Segment Open

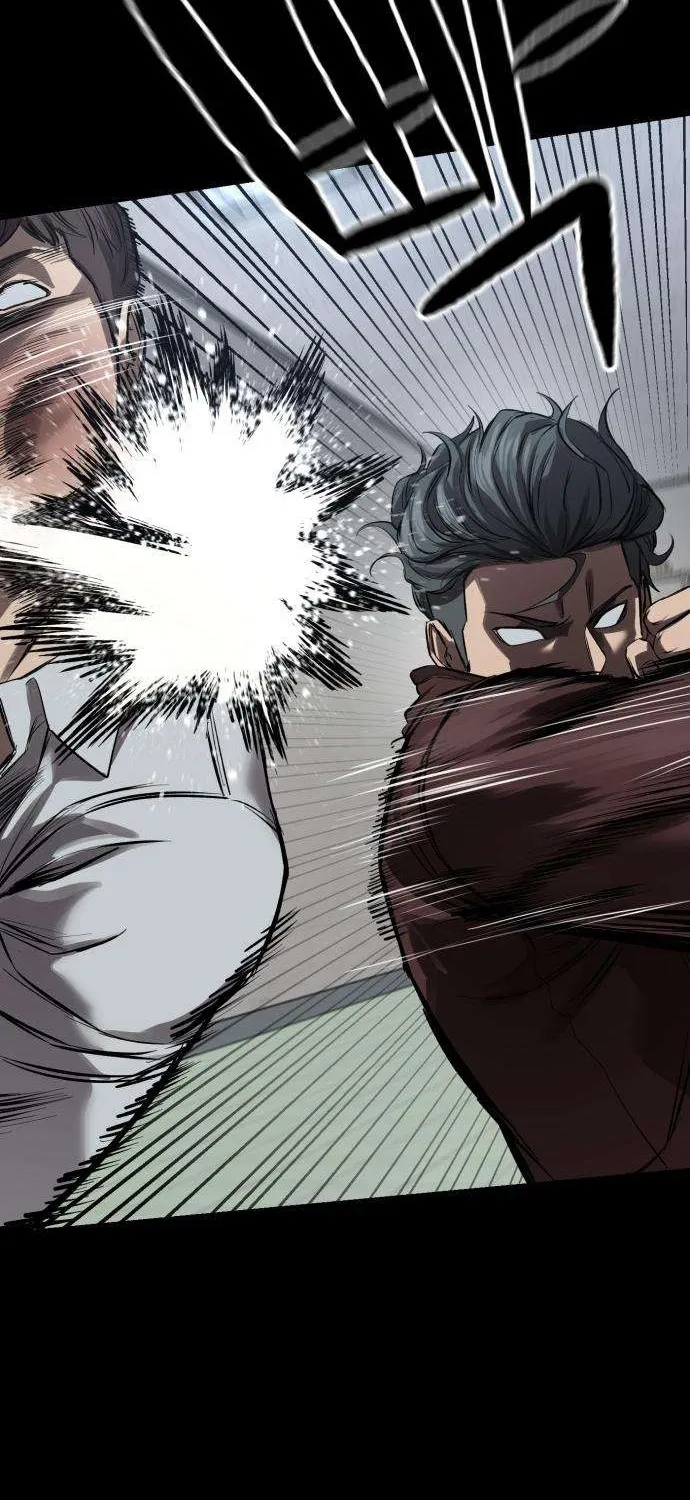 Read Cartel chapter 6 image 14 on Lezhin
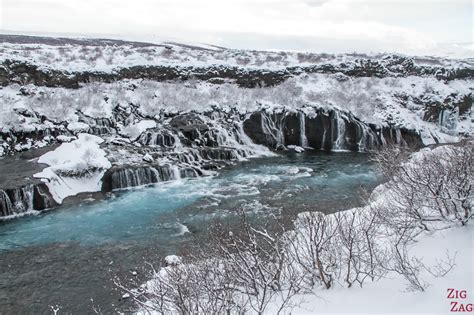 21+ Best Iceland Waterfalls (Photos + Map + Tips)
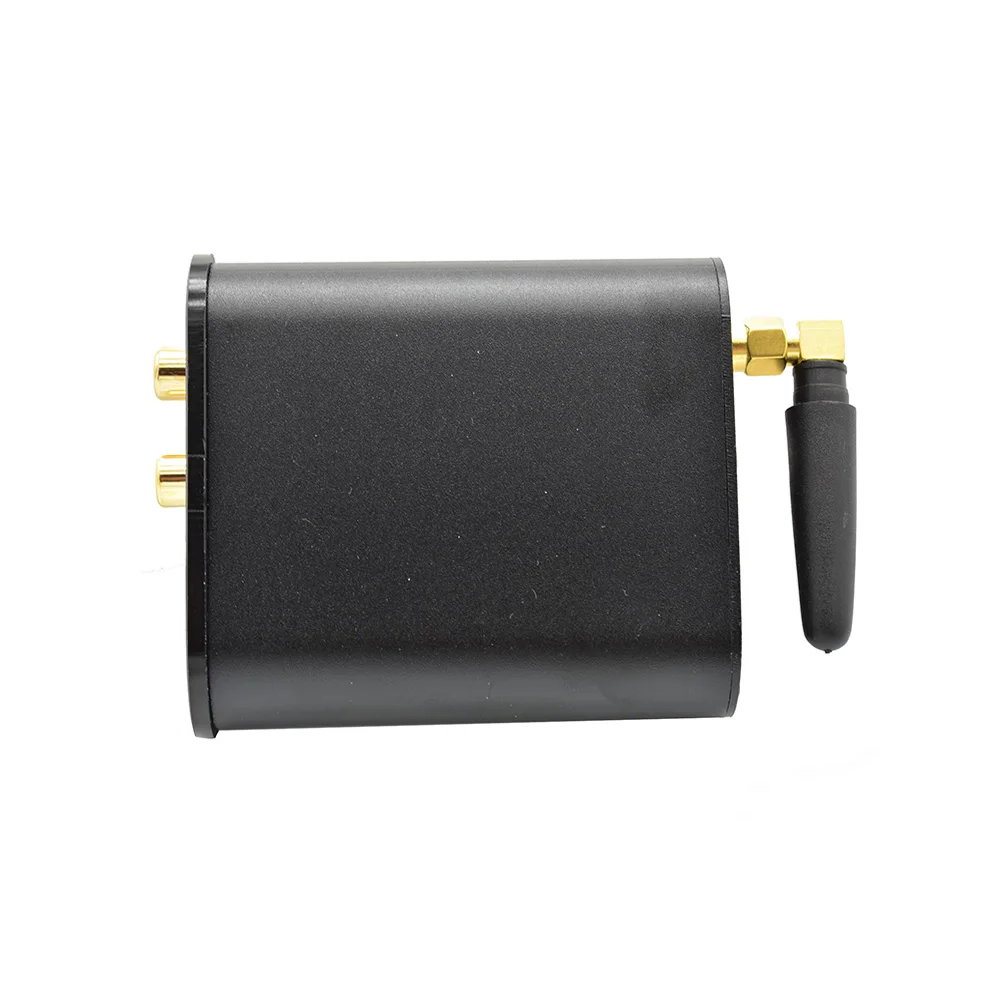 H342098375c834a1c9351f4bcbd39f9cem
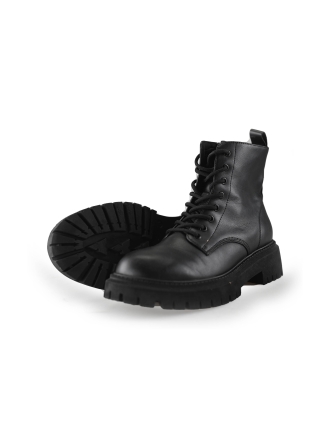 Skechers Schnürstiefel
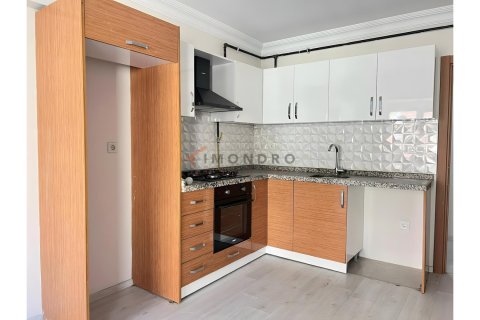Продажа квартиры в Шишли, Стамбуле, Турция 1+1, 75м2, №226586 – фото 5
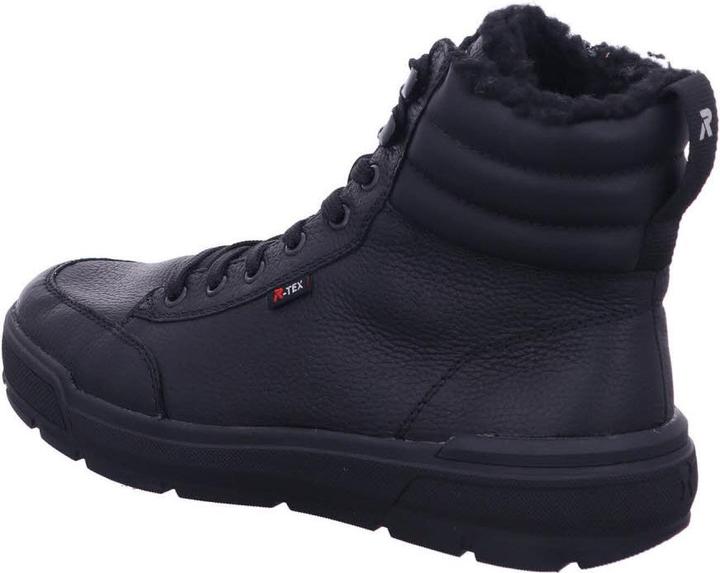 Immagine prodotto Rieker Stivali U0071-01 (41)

Segment Closed

Exactly repeat every line from the line that includes "Продажа квартиры в" to the end of the listing, and nothing else, leaving pictures out.

Продажа квартиры в Шишли, Стамбуле, Турция 1+1, 75м2, №226586 – фото 5
 Immagine prodotto Rieker Stivali U0071-01 (41)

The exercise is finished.